Price: $8.99/month , $17.99 Premium
Hulu is a dependable option for streaming new and classic shows as well as live TV on nearly every platform. It's a top choice among video streaming services.
Price: starts at $5.99
HBO Max offers an impressive on-demand library and its apps support the latest video streaming features, including multiple profiles and offline downloads. It’s pricey, however.
Amazon Prime Video hosts lots of prestige content for streaming and also supports impressive technical capabilities such as 4K HDR streaming and offline downloads.

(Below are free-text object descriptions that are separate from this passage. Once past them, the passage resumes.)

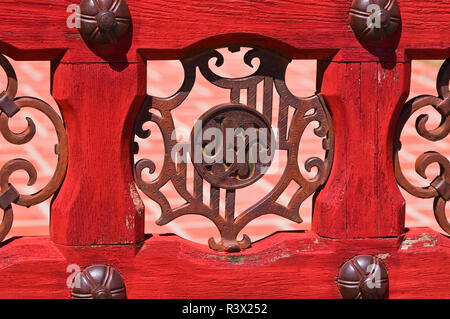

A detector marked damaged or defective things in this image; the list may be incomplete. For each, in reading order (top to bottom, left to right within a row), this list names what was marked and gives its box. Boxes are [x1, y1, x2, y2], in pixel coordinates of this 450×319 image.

rusty iron ornament [78, 0, 131, 45]
rusty iron ornament [348, 0, 400, 43]
rusty iron ornament [0, 54, 68, 242]
rusty iron ornament [134, 47, 334, 252]
rusty iron ornament [394, 59, 450, 235]
rusty iron ornament [70, 264, 126, 300]
rusty iron ornament [338, 255, 390, 300] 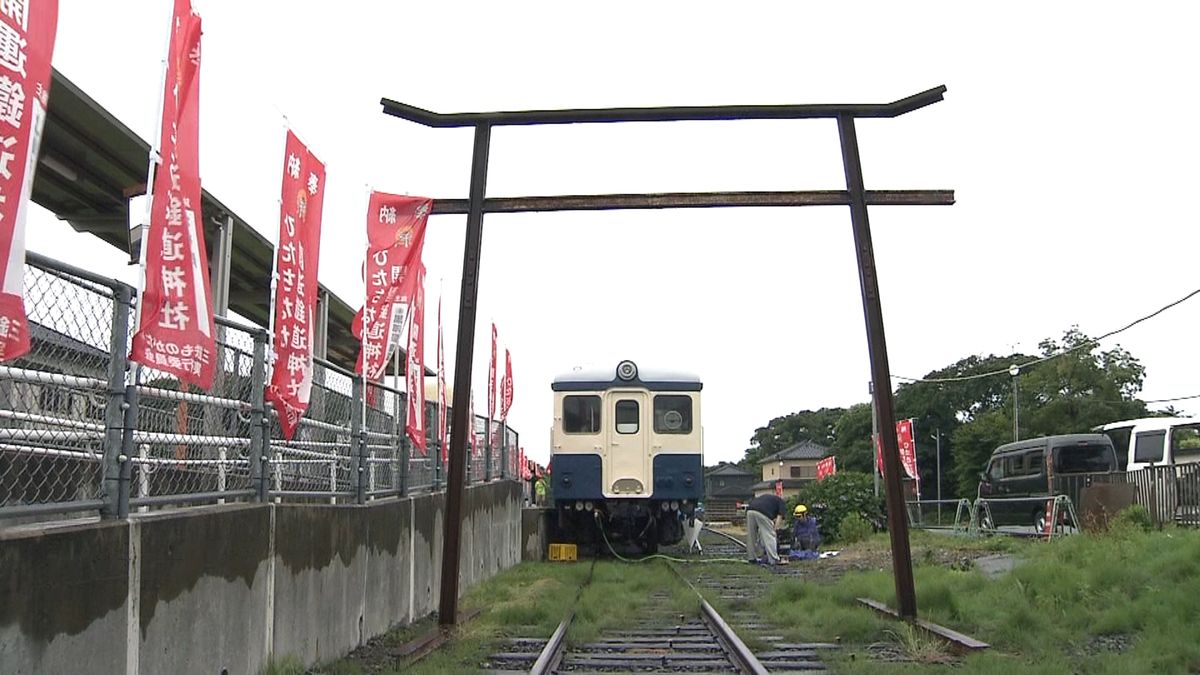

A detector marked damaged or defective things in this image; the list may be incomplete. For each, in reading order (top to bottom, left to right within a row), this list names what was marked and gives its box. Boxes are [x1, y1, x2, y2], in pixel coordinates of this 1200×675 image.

rust on steel beam [381, 85, 945, 127]
rust on steel beam [427, 187, 950, 213]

Price: $12.99/month , $119/year
Peacock presents popular NBC network shows along with a worthwhile collection of movies to stream. Although it lacks some top NBC shows and some expected features, its capable free tier earns it an Editors' Choice distinction.
Price: $4.99/month (Free for basic content)
Today, Philo offers a package of top-rated television channels for just $20. Watch live, save unlimited shows to watch later, or browse a huge library of content available on-demand. Philo is available on all your favorite devices and on the web, wherever you are. (Description from Philo.com)
Price: $20/month (Free for basic content)
YouTube TV offers an excellent variety of channels, top-notch DVR features, and great performance. It's a top choice for cord cutters who want to replicate the cable TV experience, provided you are willing to pay its high monthly costs.
Classics and discoveries from around the world, thematically programmed with special features, on a streaming service brought to you by the Criterion Collection. (Description from criterionchannel.com)
Price: $10.99/month , $99.99/year
Tubi is a free and well-designed video streaming service with a large, frequently changing library of movies and some shows. Its resolution limitations and ads are a small price to pay for all the free content it offers.
Price: FREE :)
Disney+ offers an impressive library of high-quality shows and movies in a featured-filled video streaming package, but it needs to expand its content horizons to become an absolute must-have service.
Price: $8/month , $80/year , ESPN+ and Hulu Bundles start at $14/month
FuboTV is a particularly good streaming service for sports fans, but its many news and entertainment channels should appeal to general audiences, too.
Price: Starts at $64.99/month
Kanopy offers a wealth of independent educational and entertainment content for kids and adults alike, all without ads and for free—all you need is a library card. We could do without the monthly streaming limits, though.
Price: FREE :)
** Written in 2021 for Feature Writing (GWU). Updated Feb. 6, 2023.